Exercise prompt
Would you return, word for word, the lines of the data below from the line with "A modern kitchen" through the line with "Above view of", and no others?

== Dataset ==

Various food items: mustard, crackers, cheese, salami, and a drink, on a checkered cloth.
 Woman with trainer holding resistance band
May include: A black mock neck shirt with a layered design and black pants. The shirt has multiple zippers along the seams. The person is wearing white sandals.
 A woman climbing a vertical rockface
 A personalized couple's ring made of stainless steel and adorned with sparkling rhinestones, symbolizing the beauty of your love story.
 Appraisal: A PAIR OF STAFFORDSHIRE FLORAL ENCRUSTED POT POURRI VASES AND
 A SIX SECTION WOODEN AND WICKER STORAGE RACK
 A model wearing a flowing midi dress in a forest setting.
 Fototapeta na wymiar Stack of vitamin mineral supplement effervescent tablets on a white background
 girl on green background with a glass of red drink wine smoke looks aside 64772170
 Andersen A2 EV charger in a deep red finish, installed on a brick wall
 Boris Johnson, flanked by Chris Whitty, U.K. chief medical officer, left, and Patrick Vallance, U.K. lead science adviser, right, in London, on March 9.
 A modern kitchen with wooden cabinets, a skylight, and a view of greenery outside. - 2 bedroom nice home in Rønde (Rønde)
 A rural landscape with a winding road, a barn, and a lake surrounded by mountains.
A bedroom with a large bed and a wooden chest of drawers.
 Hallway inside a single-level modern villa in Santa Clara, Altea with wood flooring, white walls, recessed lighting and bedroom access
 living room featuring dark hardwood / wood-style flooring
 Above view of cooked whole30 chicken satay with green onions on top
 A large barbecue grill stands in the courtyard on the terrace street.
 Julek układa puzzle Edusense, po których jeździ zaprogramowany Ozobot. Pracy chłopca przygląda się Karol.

===

Solution to this task
 A modern kitchen with wooden cabinets, a skylight, and a view of greenery outside. - 2 bedroom nice home in Rønde (Rønde)
 A rural landscape with a winding road, a barn, and a lake surrounded by mountains.
A bedroom with a large bed and a wooden chest of drawers.
 Hallway inside a single-level modern villa in Santa Clara, Altea with wood flooring, white walls, recessed lighting and bedroom access
 living room featuring dark hardwood / wood-style flooring
 Above view of cooked whole30 chicken satay with green onions on top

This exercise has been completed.